In the world of music, almost anyone can compose on computers, with no instrument needed and voices that can be manipulated to give the illusion of a full band. It is the same in the world of books where approximately 2,700 new titles are released every day, while authors figure out how to stay relevant.
When we strive to innovate and bring the next big thing to market, we sometimes forget our foundation. And when it’s all about speed, we may think we are moving forward when in essence, we sometimes go backwards. We lose focus on the quality of our music, books and art.
Innovation Can’t Be Rushed
When we’re imagining and dreaming of possibilities, we may not always have the words to describe them. There is something about sitting with our ideas and not rushing that sometimes goes against the norm. But sometimes it takes time to transform ideas into words.

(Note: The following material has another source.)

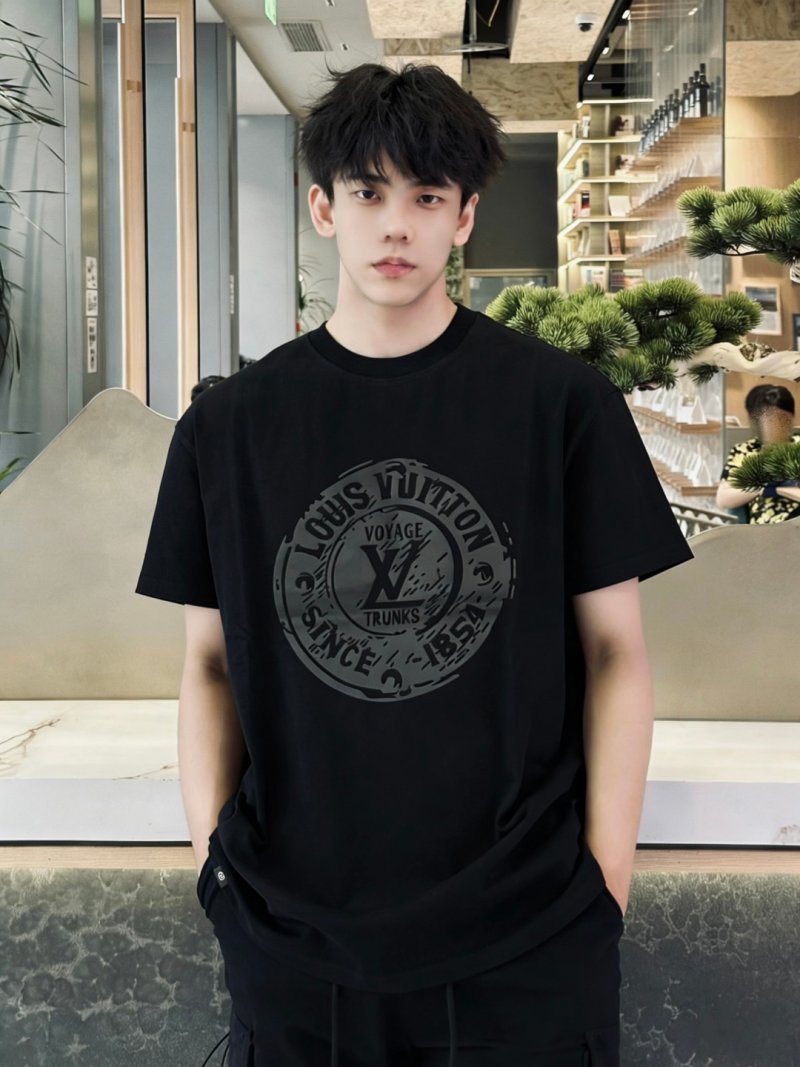 Louis Vuitton Voyage Trunks Circle Logo Black T-Shirt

Not everything fits into an elevator pitch or deck at the beginning. When we are in new territory, we need space to discover and explore.
Innovation is not just about products and what we make; it’s about culture, how we talk to each other, how we relate, how we are in challenging moments together, and how we work with our disturbances and hopes to create deeper relationships and understandings. That’s the ground for innovation: it comes from the fabric of our lives.
We can talk about innovation as things outside of ourselves, but true innovation comes from what is inside. We don’t split our professional selves and leave our personal selves at home. This is where organizations get stuck; they are not telling the whole story and they are not living their wholeness. We hear fragments of the story—the parts that are palatable or that we think will get us funding.
Wholeness is Messy and Necessary
Conscious leadership is about the mess of life and the nuances of our stories, and making more of life out of this complexity. What can we learn from our deep feelings, our untold histories, our failures, our loves, our whole selves? What would happen if we could tell the whole story?
This is a radical act of leadership, daring to share—and live—the messiness of our wholeness.